Ocean swells are moderate, water temperature is now on a slight warming trend, now averaging in the 71 to 73 degree range. Winds were predominately from the north, coming in cycles of two or three days, then diminishing for a period before returning, but for the most part the conditions were favorable for anglers to target what available options there have been. The red snapper bite had slowed over last weekend on the Outer Gordo Banks, but picked back up to start this week, the rare run of larger sized crabs were again present and were being netted and used for baits to drop down for the huachinango action, limits of these true Pacific red snapper were the rule, early in the day these fish were also readily striking on yo-yo style jigs, one California sheepshead weighing close to 30 lb. was also accounted for. This action for the snapper faded out again later in the week, north winds contributed to this and the crabs became very scarce as well, hard to say how this action will pan out in the coming weeks. Not much else going on for a variety of bottom species, a mix of yellow snapper, a few amberjack, cabrilla and the ever present triggerfish off rock piles closer to shore. No yellowtail action be reported this past week.
Sardinas have continued to found schooling close to shoe along stretches from the Regina Resort to Chileno and this was the bait of choice, with squid strips as a backup. The yellowfin tuna action has starting back up off of the Cabo San Lucas Arches, picked up strong mid-week for fish ranging 20 to 40 lb., quality sized yellowfin within a stones through of the shoreline. Wind was not a factor on these grounds, very calm, though once the word got out on this bite developing again the crowds swarmed, of course the sea lions and sea gulls were all in on this action as well. Anglers were doing best while slow trolling the live sardinas, but had to deal with the birds and sea lions taking their baits and then once actually hooking a tuna had to be fortunate to escape from having a sea lion grab the battling fish. Overall charters were accounted for an average of three to six tuna per morning trip, with many black skipjack in the mix.

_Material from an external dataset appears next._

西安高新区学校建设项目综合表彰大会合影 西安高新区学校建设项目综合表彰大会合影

With very limited billfish action being found throughout the area and no dorado or wahoo to speak of, this bite for the yellowfin was definitely the best option presently. During this transition period a lot can happen from week to week, still hoping to see some yellowtail of decent size show up, have not seen any numbers of them now for several years, with water temperatures starting to rise hard to say what will develop.

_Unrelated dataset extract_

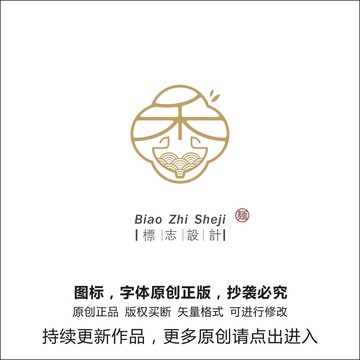 香面logo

Limited action close to shore now for mainly sierra, along the beach stretches from Palmilla towards Cabo San Lucas, no word of roosterfish recently, though warming water should start to bring in more roosters.
The combined panga fleets launching out of La Playita, Puerto Los Cabos Marina sent out approximately 72 charters for the week, with anglers reporting a fish count of: 1 sheepshead, 1 wahoo,170 yellowfin tuna, 8 bonito, 11 yellow snapper, 8 leopard grouper, 124 huachinango, 15 sierra, 4 amberjack and 80 triggerfish.